Exercise: Give every line of the material back exactly, images removed.

Supplied material:
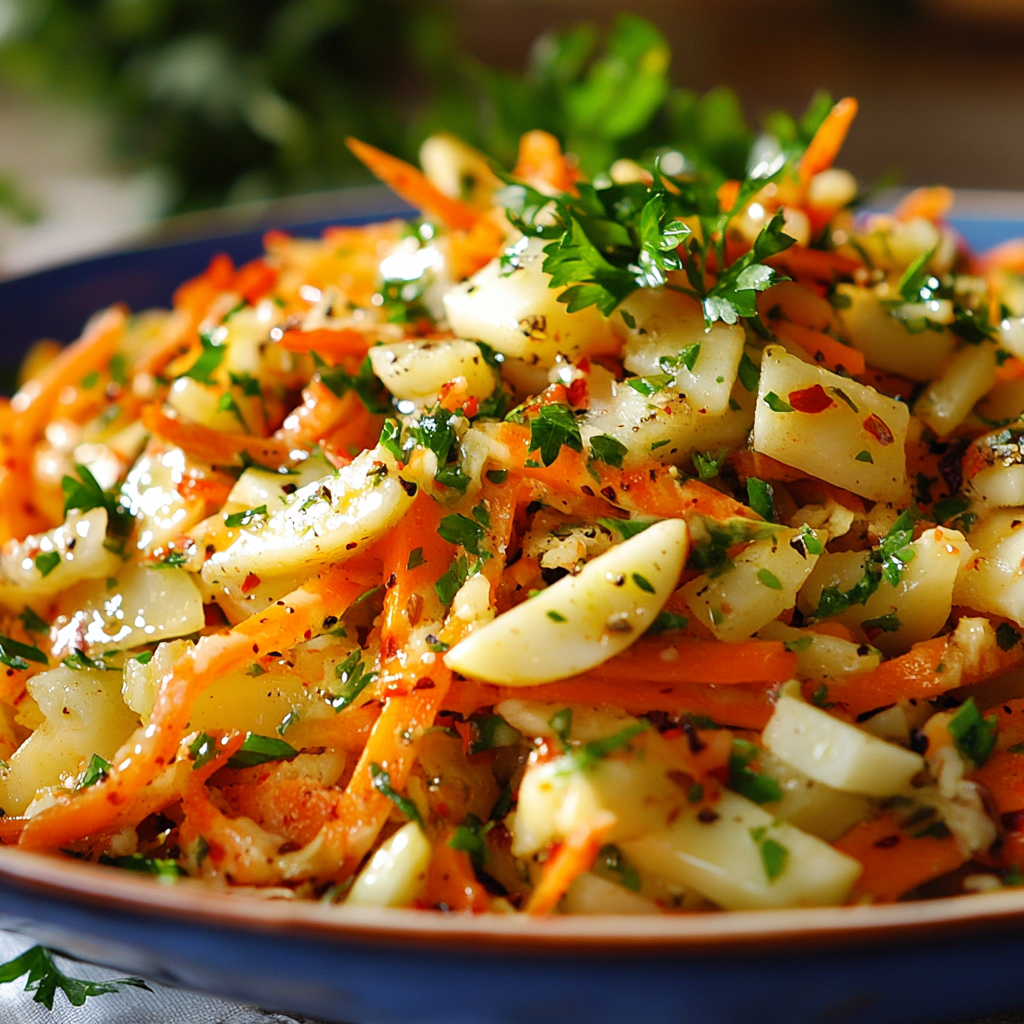 Salade de Navets et Persil : Une Recette Fraîche et Croquante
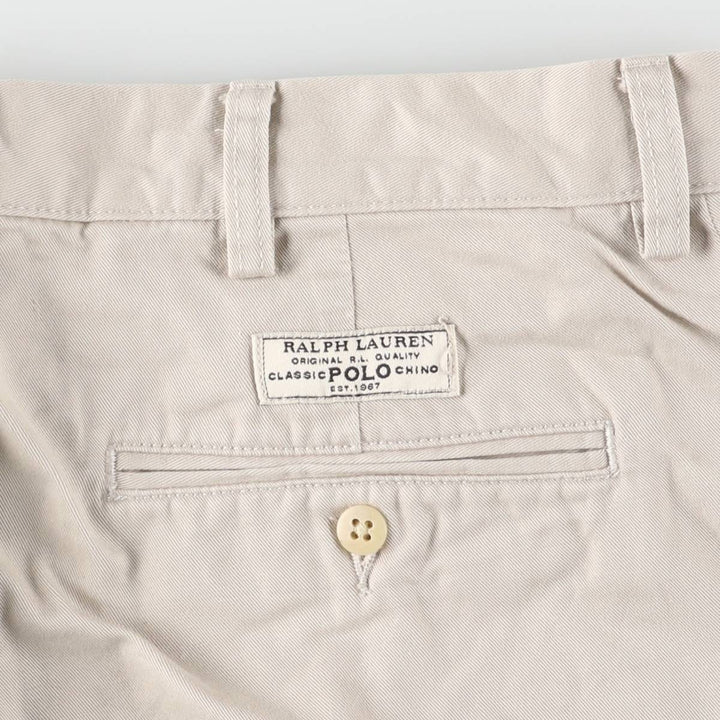 Ralph Lauren POLO by Ralph Lauren Chino Shorts, Men's Size W36 cotton Beige type Vintage Second Hand
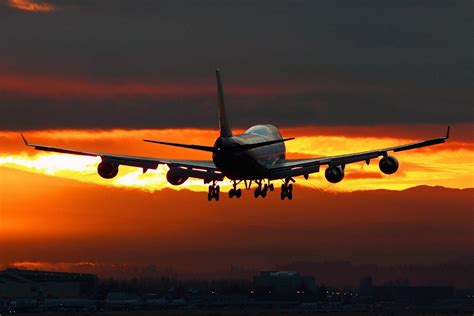 Airplane Sunset Wallpapers - Top Free Airplane Sunset Backgrounds ...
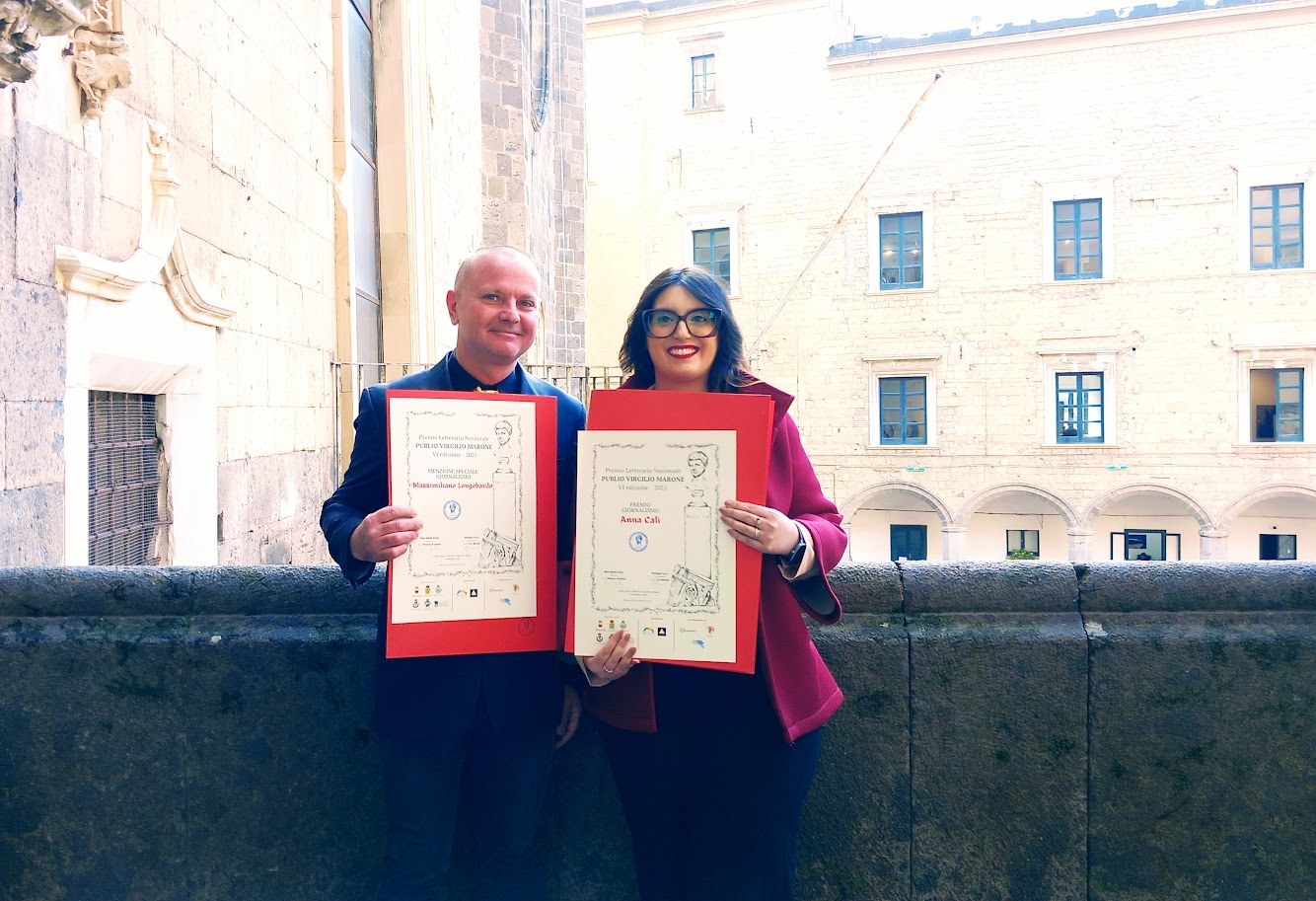 Premio Letterario Nazionale “Publio Virgilio Marone”: per la sezione giornalismo vince Anna Calì. Menzione speciale per Massimiliano Longobardo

Reply:
 Salade de Navets et Persil : Une Recette Fraîche et Croquante
 Ralph Lauren POLO by Ralph Lauren Chino Shorts, Men's Size W36 cotton Beige type Vintage Second Hand
 Airplane Sunset Wallpapers - Top Free Airplane Sunset Backgrounds ...
 Premio Letterario Nazionale “Publio Virgilio Marone”: per la sezione giornalismo vince Anna Calì. Menzione speciale per Massimiliano Longobardo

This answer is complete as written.